THE TASK:
Only the lines from the one containing "That leads to" through the last line of the material should be copied, exactly as written and without pictures.
** DATA follows **
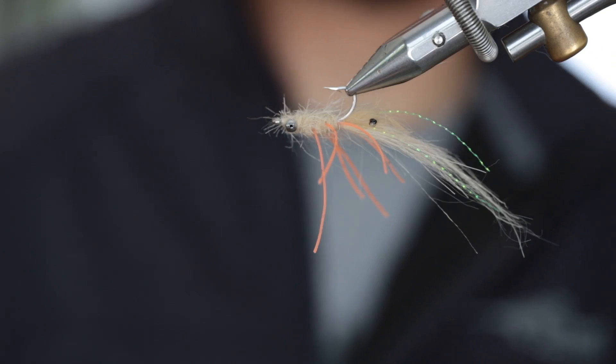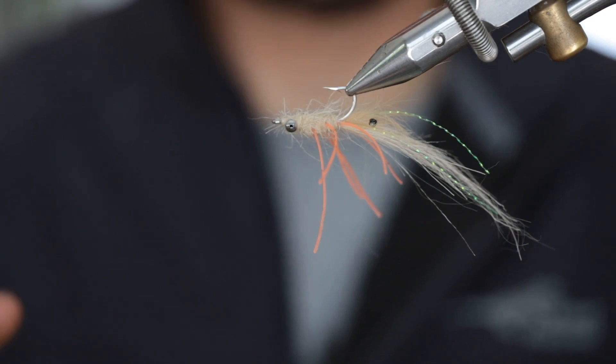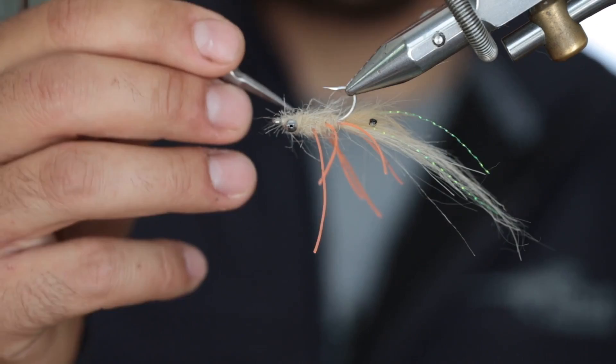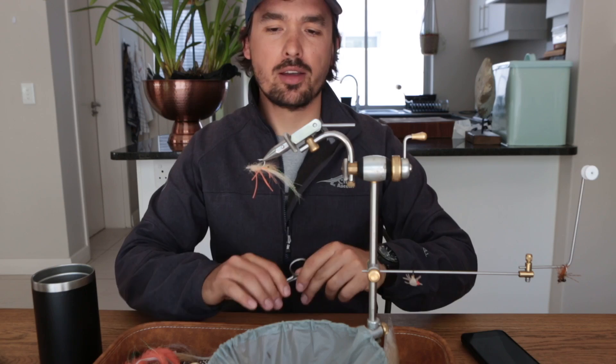I loved using this fly in the surf in the Seychelles, where you don't know what you'll come across. You can fish triggerfish with the same rod, and when big bluefin trevally come in this fly produces very well. In the surf you also find big single or double cruising bonefish coming in and out of the waves, and this fly works especially well in those environments. It's tied very light here with just two bead chain eyes, but you can tie it in various weights. Always have a couple in your box as a general saltwater bottom-species fly.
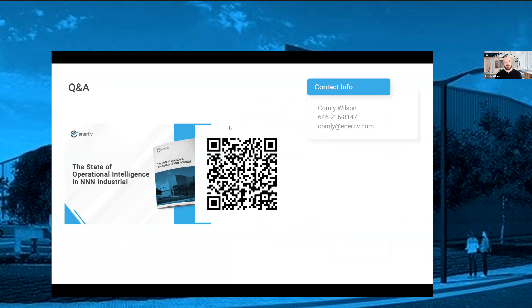And that's it — we're at 36 minutes since I started. Feel free to ask questions. There's a QR code on your screen that will bring you directly to this white paper on the state of operational intelligence in triple net industrial — no form to fill out. If you want to read it or share it with colleagues, feel free to scan it. My contact details are up here — give me a call or shoot me an email anytime if you want to learn more or be pointed in the right direction. I appreciate your time today. Thank you for joining. We're looking forward to the next Enertib office hours with all of you — take it easy, have a great Thursday and a great holiday season.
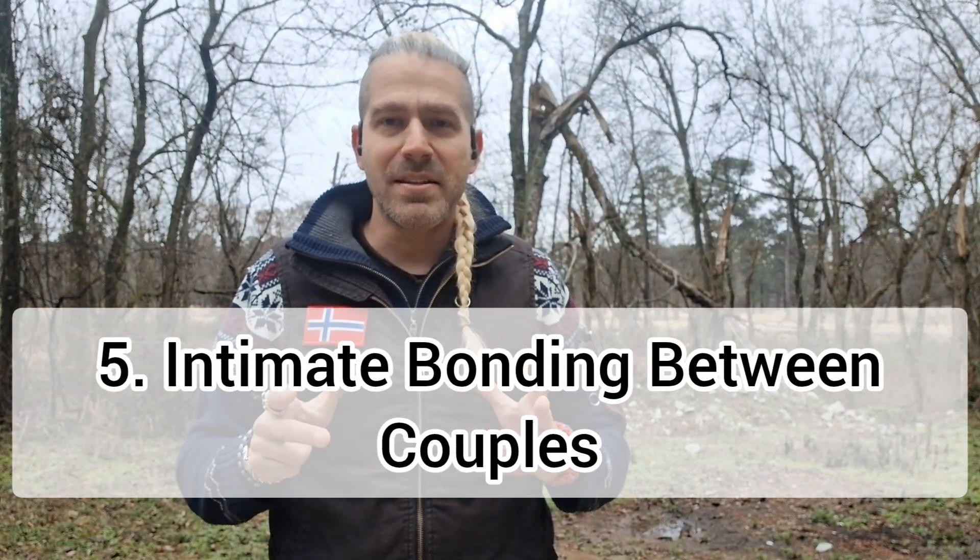That leads to the fifth point: these sounds are used for bonding between mates. Two crows will do little coos and little sounds to each other to indicate bonding — kind of like how you call your partner 'baby' or 'sweetie.' We as humans change volume, pitch, and wording; crows change sound. So they go from calls to clicks to whistles to purrs to coos depending on the situation.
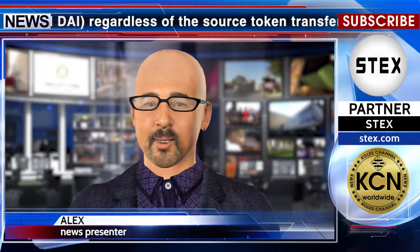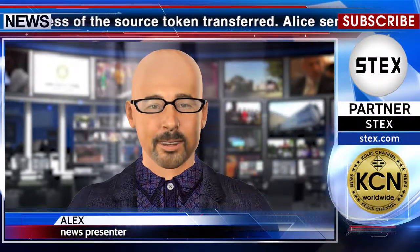Configure your payment widget or link for free — no sign-up required. This is stated in the official press release of the team. The news release also mentions partner Stex.com.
** End of DATA **
RESPONSE TO THE EXERCISE:
That leads to the fifth point: these sounds are used for bonding between mates. Two crows will do little coos and little sounds to each other to indicate bonding — kind of like how you call your partner 'baby' or 'sweetie.' We as humans change volume, pitch, and wording; crows change sound. So they go from calls to clicks to whistles to purrs to coos depending on the situation.
Configure your payment widget or link for free — no sign-up required. This is stated in the official press release of the team. The news release also mentions partner Stex.com.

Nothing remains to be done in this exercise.